■ Work order:
Reproduce exactly the line that contains "Gordijnen biker rides" and every line after it through the end of the records below, leaving out all pictures.
○ ○ ○ ○ ○ ○ ○
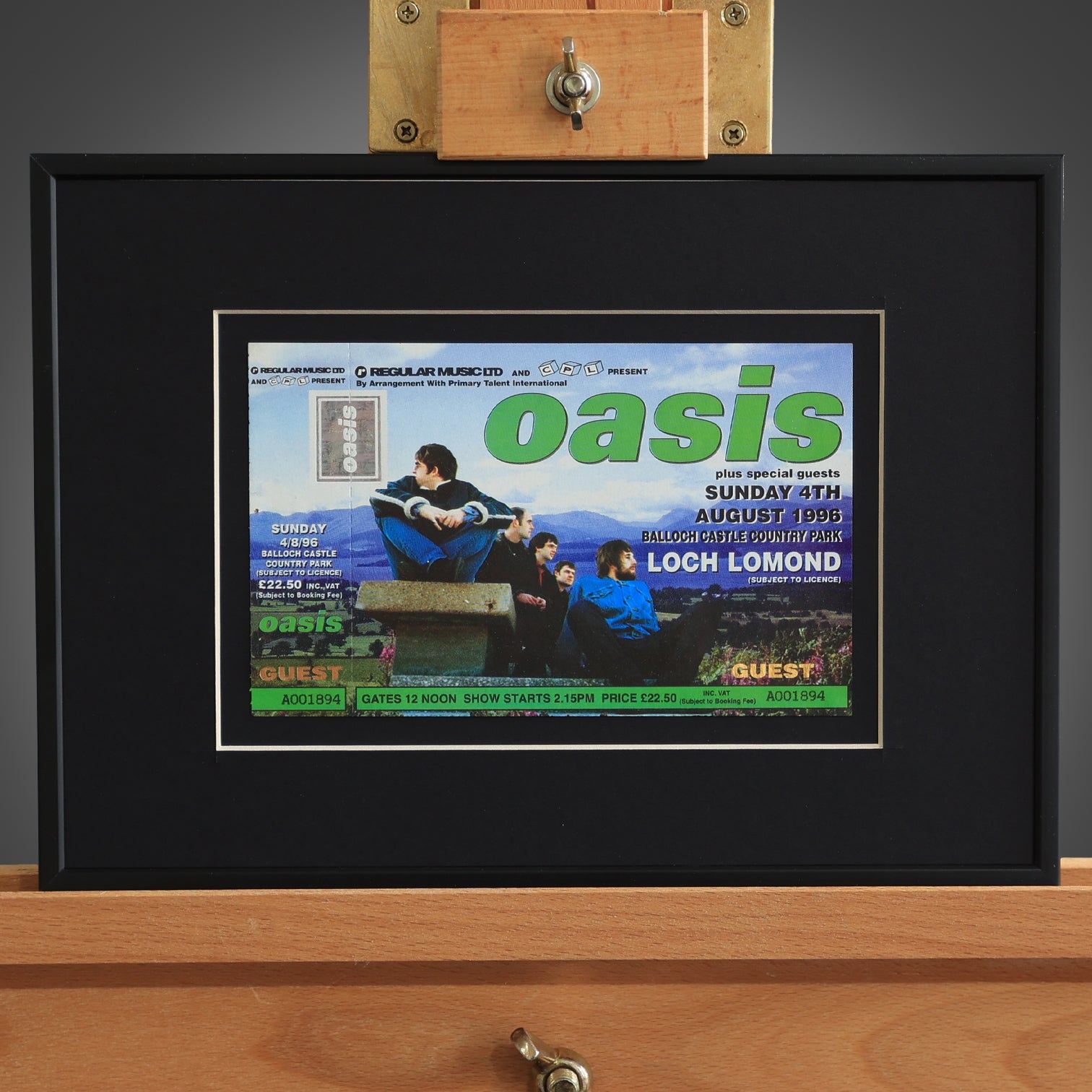 Oasis - UNUSED GUEST Loch Lomond 1996 Ticket Sun - New Item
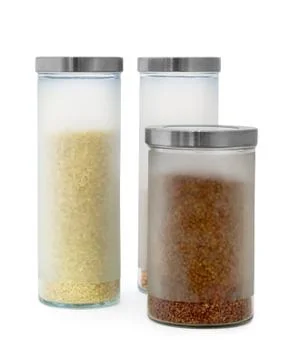Containers with grains Stock Photos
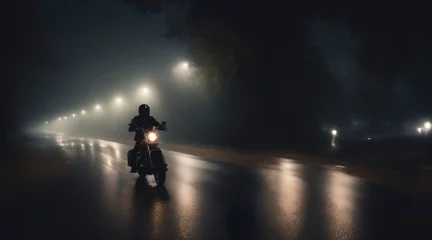 Gordijnen biker rides a custom chopper motorcycle at night along a road in the fog. © velimir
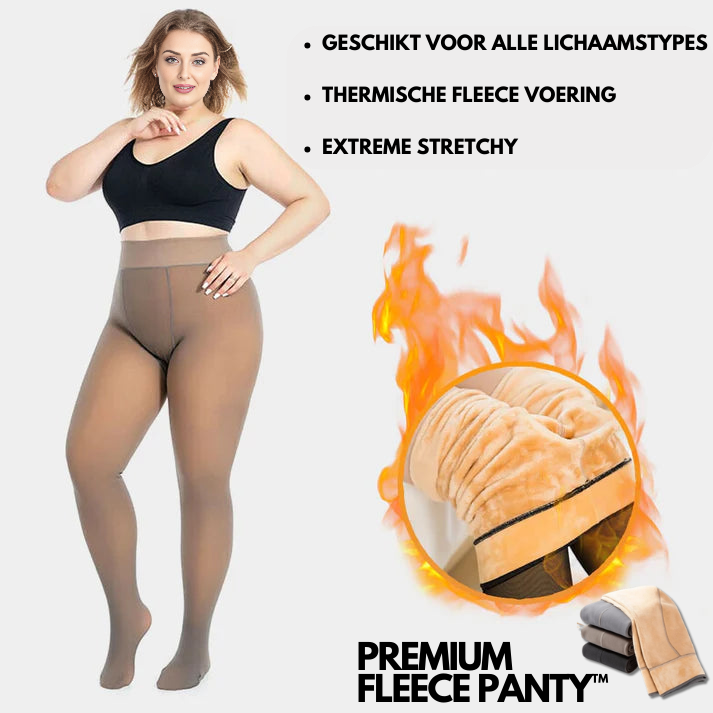 Premium Fleece Panty, hautfarben, thermische Fleece-Fütterung, extrem dehnbar, für alle Körpertypen.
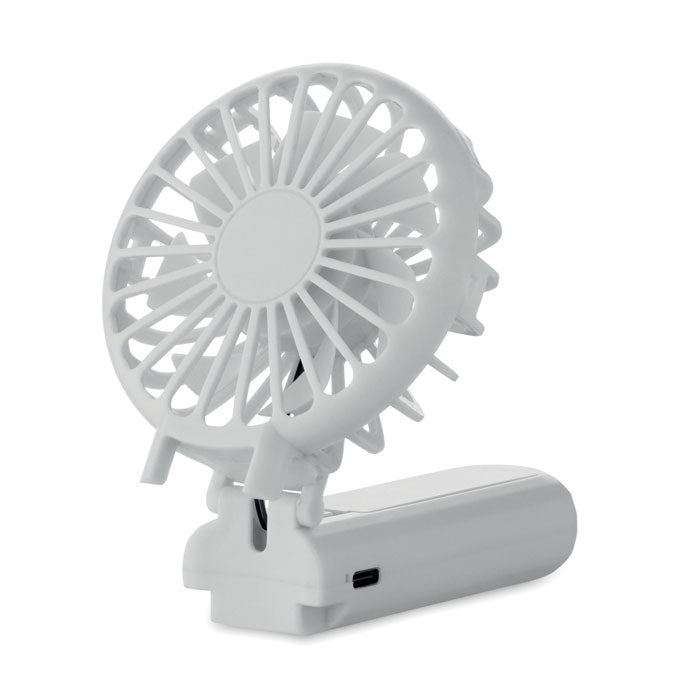White portable fan with USB connection on a white background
○ ○ ○ ○ ○ ○ ○
■ Response box:
 Gordijnen biker rides a custom chopper motorcycle at night along a road in the fog. © velimir
 Premium Fleece Panty, hautfarben, thermische Fleece-Fütterung, extrem dehnbar, für alle Körpertypen.
White portable fan with USB connection on a white background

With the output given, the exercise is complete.